Adding peak power is expensive, and energy costs can more than double when demand climbs. So utilities have adopted “demand-response” programs to encourage residential, commercial and agricultural customers to reduce consumption. One approach is “time-of-day” pricing, which charges higher rates when demand is high and gives customers an incentive to take energy-saving actions to avoid higher bills.
Another is the use of “direct load control contracts,” or DLCCs, which permit the utility to take remote control of customers’ air conditioners, electric water heaters and other energy-using devices. About 200 utilities in the U.S. had DLCC programs as of 2012, and about 5.5 million customers were enrolled, according to the Federal Energy Regulatory Commission.

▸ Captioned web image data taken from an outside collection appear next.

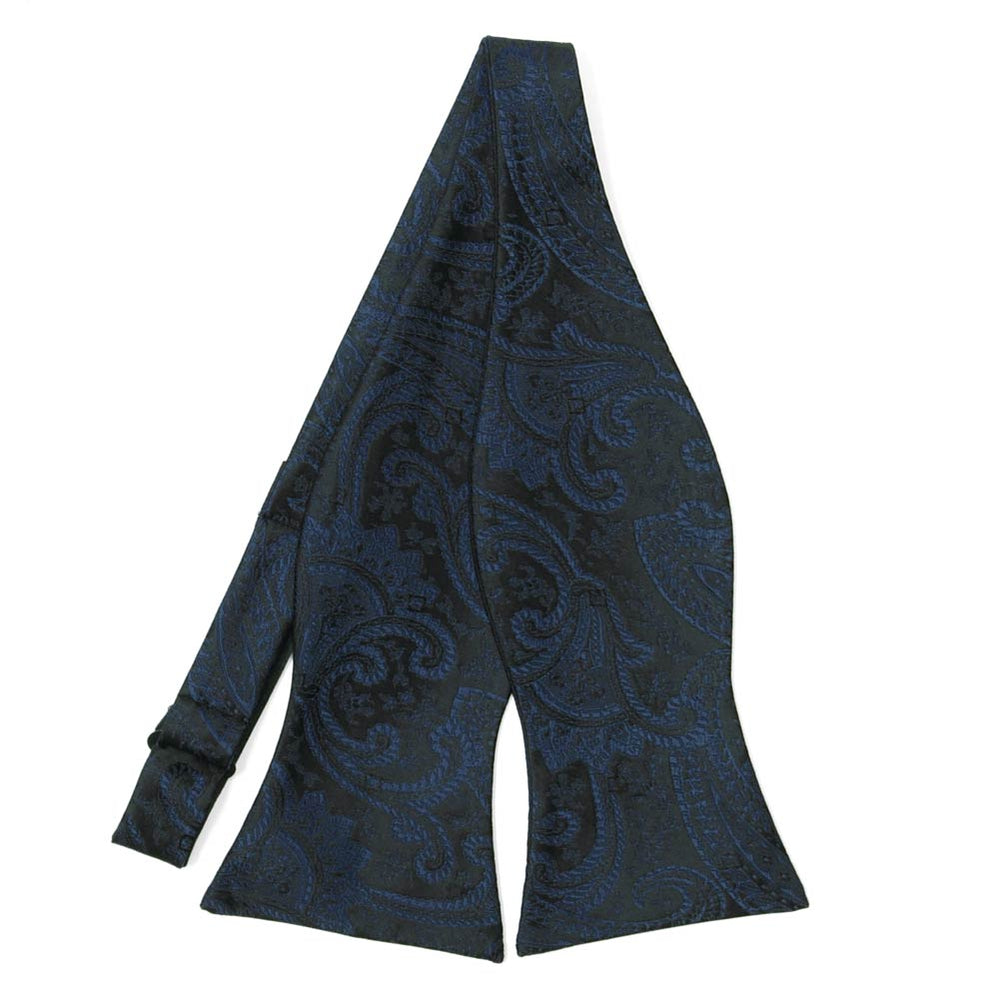 Navy blue paisley self-tie bow tie, untied flat front view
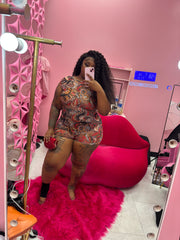The Swirl Sheer Back out Romper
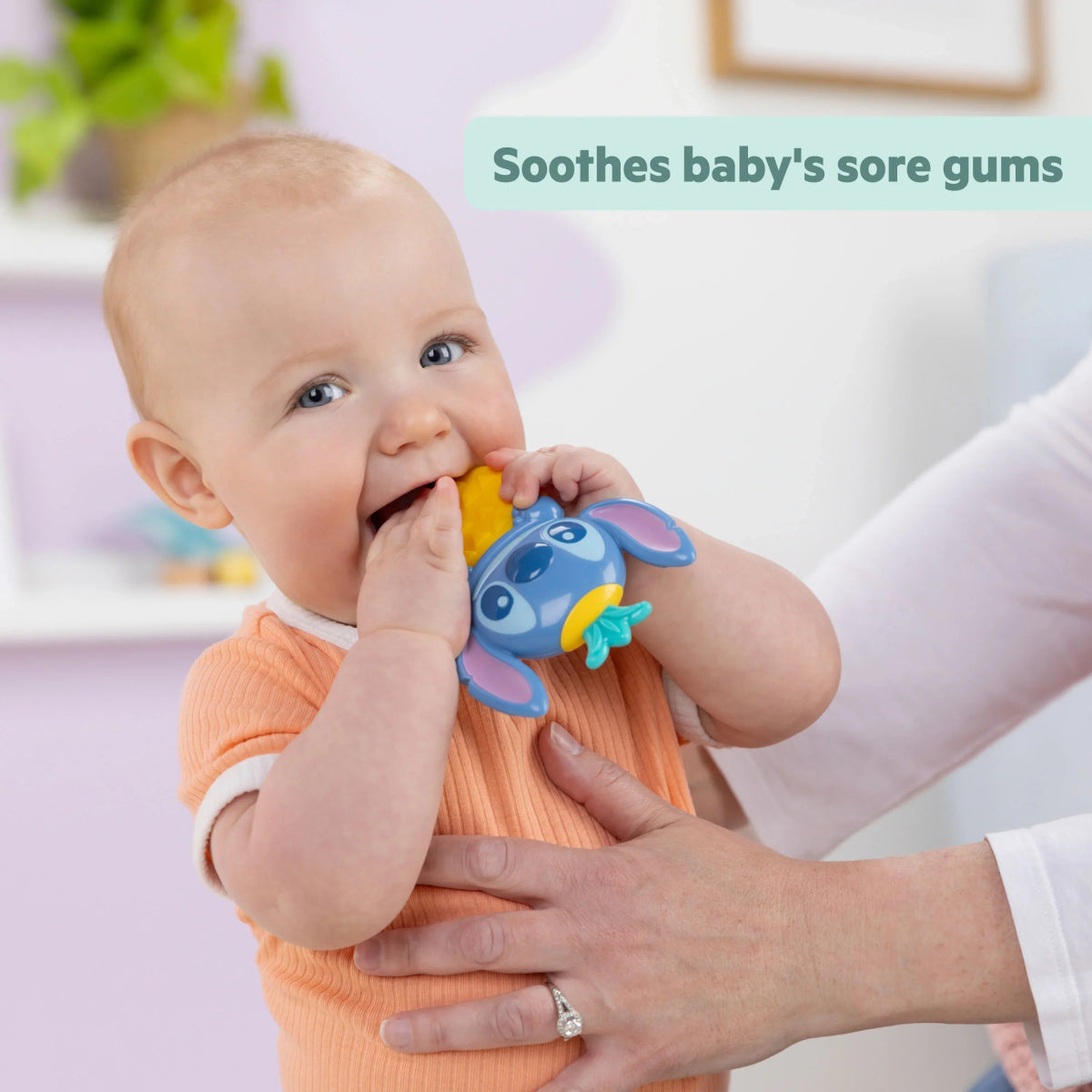 Blue Stitch teether rattle with molded sea features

For utilities that use DLCCs, figuring out how to allocate these temporary power cuts can be a complex, challenging task. In a working paper, UCLA Anderson’s Ali Fattahi and Reza Ahmadi and USC’s Sriram Dasu offer up a model that gives utilities a more efficient way to design DLCC programs to reduce their total cost of generating electricity during peak times. With the tool, utilities can quickly determine which customers to reduce power to, and for how long, while limiting the amount of time in a year that any one customer is affected.
While utilities could rely on rolling blackouts or widespread brownouts to reduce peak demand, DLCCs and other demand-response mechanisms mean that power cuts will affect only households that volunteer to take part (in exchange for a break on their electricity bills). To limit the potential disruption, regulators restrict the number of times a year any single customer will be “called” (in the industry term) for a shutoff, how long each call can last, and the total number of hours in a year the power is shut off. In 2017, the three largest investor-owned utilities had about 385,000 accounts enrolled in their residential DLCC programs and reported nearly 50 call events lasting a total of about 160 hours, according to reports filed with the California Public Utility Commission.
For utilities, figuring out the best number and duration of calls for the coming year is a problem with too many unpredictable variables to be easily solved by standard process-optimization formulas. Utilities have less-than-optimal ways to make the daily call decisions. “Their solution doesn’t give them the most savings they could have,” Ahmadi says.
The authors chose to simplify the formula by generalizing some of the variables — using, for instance, an estimate for the likely number of extremely hot or moderately hot days in the coming year. They showed that such approximations would produce a more efficient call system without adding meaningful errors to the calculation.
To test the model, the authors used electricity consumption figures for three California utilities between 2009 and 2014. Their results suggest that the model could reduce the utilities’ peak-demand energy costs by about 5 percent. In addition, it showed a reduction in summer peak demand from 36,000 megawatt hours to 32,000 megawatt hours.